The plan would see a qualifying session taking place on Friday which would determine the grid for Saturday’s sprint race. This would be in the form of a 100km race – equal to 23 laps of the Gilles Villeneuve Circuit – with that result forming the grid for Sunday’s main event.
The reversed grid idea fell apart after Mercedes voted against it and under the rules at the time it required unanimous backing to get the green light.
However under the new Concorde Agreement, such unanimous support is no longer required. Now a ‘super majority’ rule applies, which means 28 votes out of 30 are required. F1 and the FIA each hold ten votes, with each of the teams holding one vote.
Portugal and Bahrain
A vote that is expected to get the green light is the inclusion of Portugal on the ’21 calendar. Currently slated for May 2, the race at the Portimao circuit would bump the calendar up to 23 events.
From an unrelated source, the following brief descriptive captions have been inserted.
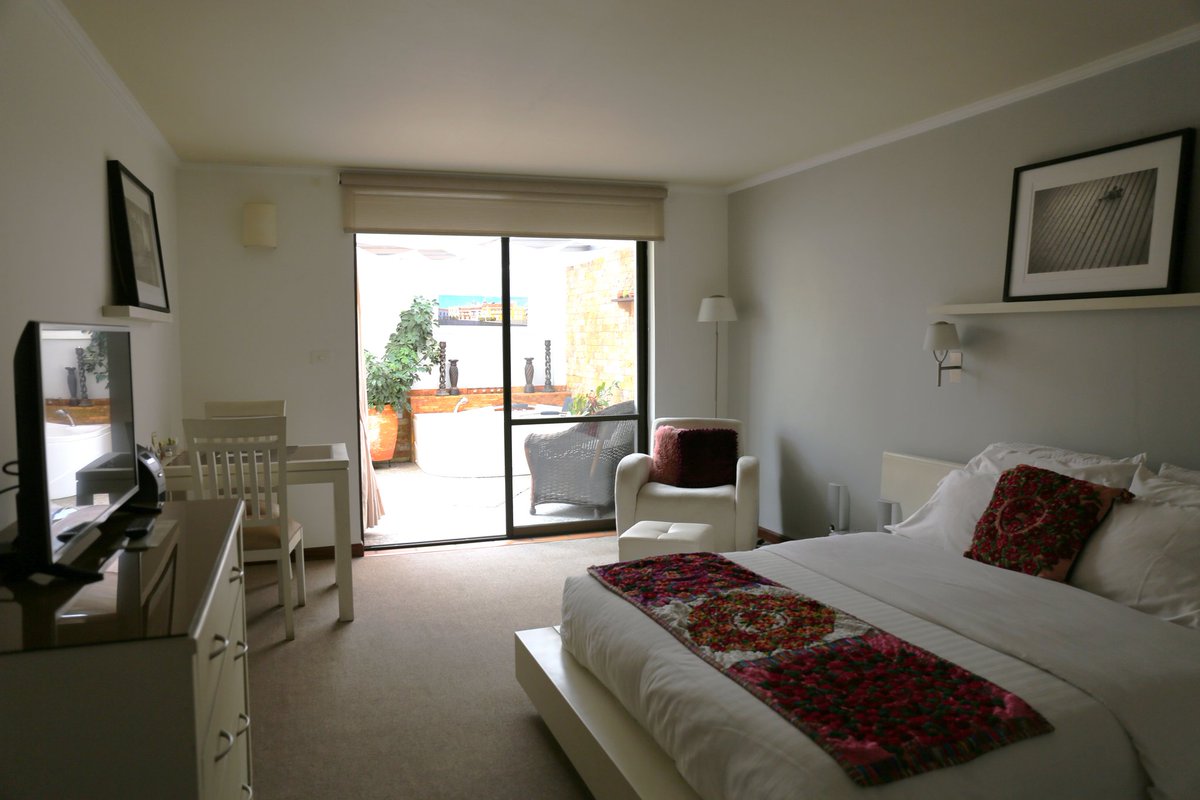 #ConfortSuitesHotel 
Carrera 8 # 2 N 25
Barrio Modelo 
Popayán - Cauca
confortsuiteshotel.com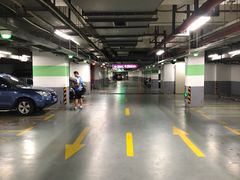 -百联又一城停车场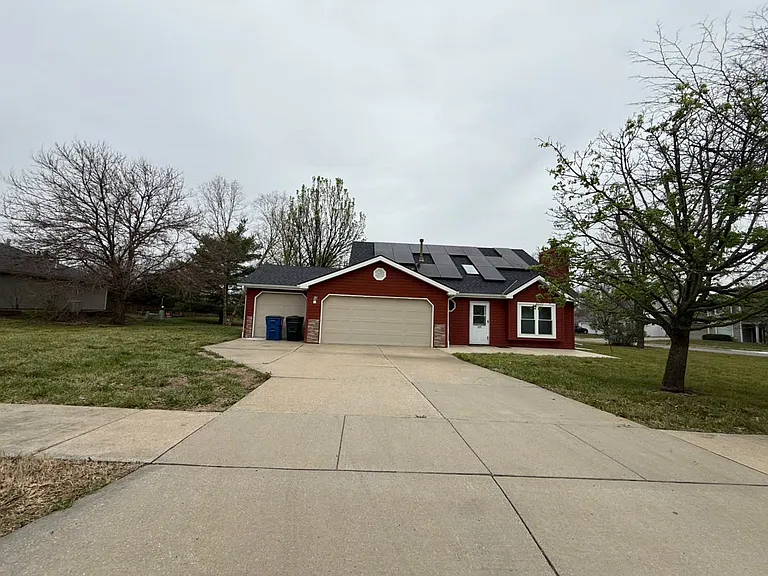 125 Sharon Dr — Photo 18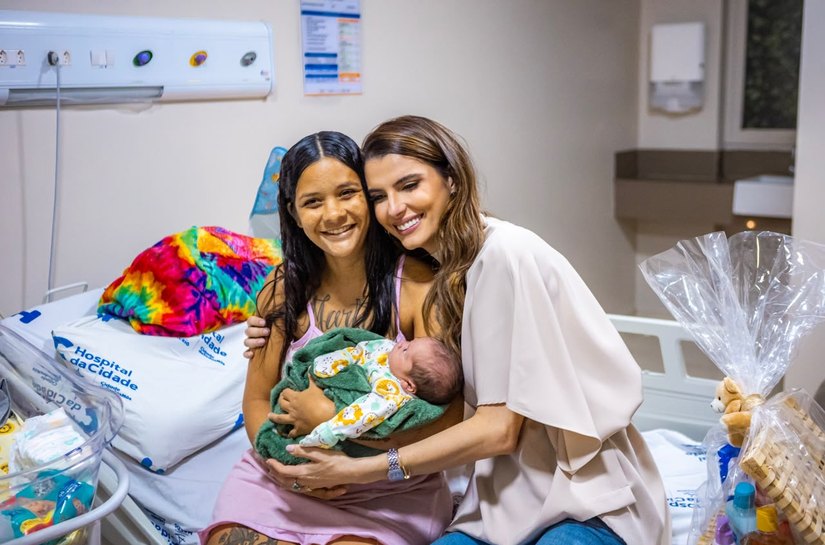 Marina JHC ultrapassa 1 milhão de visualizações com vídeo de acolhimento a mães no Hospital da Cidade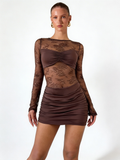 Vestido Curto de Renda com Corpete Nuvem da Primavera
However there remains an issue in that Portugal is listed on the UK’s ‘red list’ of countries which require travellers to quarantine on return and as elite sports have not been granted an exemption like they were last year, teams would have to adhere to this rule.
With the majority of F1 teams based in the UK, it would mean getting a commitment for team staff to travel directly to Spain for the following event.
This isn’t a major issue as the Spanish GP is on the following weekend and with Spain not listed, teams could then return to the UK before the Monaco GP on May 23.
Meanwhile a second race at the Sakhir Circuit in Bahrain is to be discussed. This would see another race take place on the Outer Loop on the following weekend after the Bahrain GP.
A vote that Red Bull will be hoping gets support is that of an agreement to freeze engine development at the end of ’21.
Red Bull is pushing for this to happen because it hopes to take over Honda’s intellectual property (IP), which would allow it to continue running Honda’s engines after the Japanese manufacturer quits the sport after this season.
However Red Bull wouldn’t have the necessary budget or resources to continue development of the Power Unit itself and is therefore pushing for the engines to be frozen, meaning development would only be allowed for reliability reasons.
If a freeze doesn’t happen, it’s likely the Honda PU would fall behind its rivals and could lead to Red Bull following Honda out of the door.
F1 and the FIA both support the move as it would not only save costs, but would allow it to bring forward plans for a new Power Unit in 2025.
Matters might be complicated by the introduction of a greater use of sustainable fuels, whilst a manufacturer that finds itself on the back-foot in terms of power when the freeze takes hold, would suffer until a new engine is introduced.
These matters will likely be the main sticking points and although Mercedes, Renault and Ferrari have shown some support for the idea, they have all shown some resistance.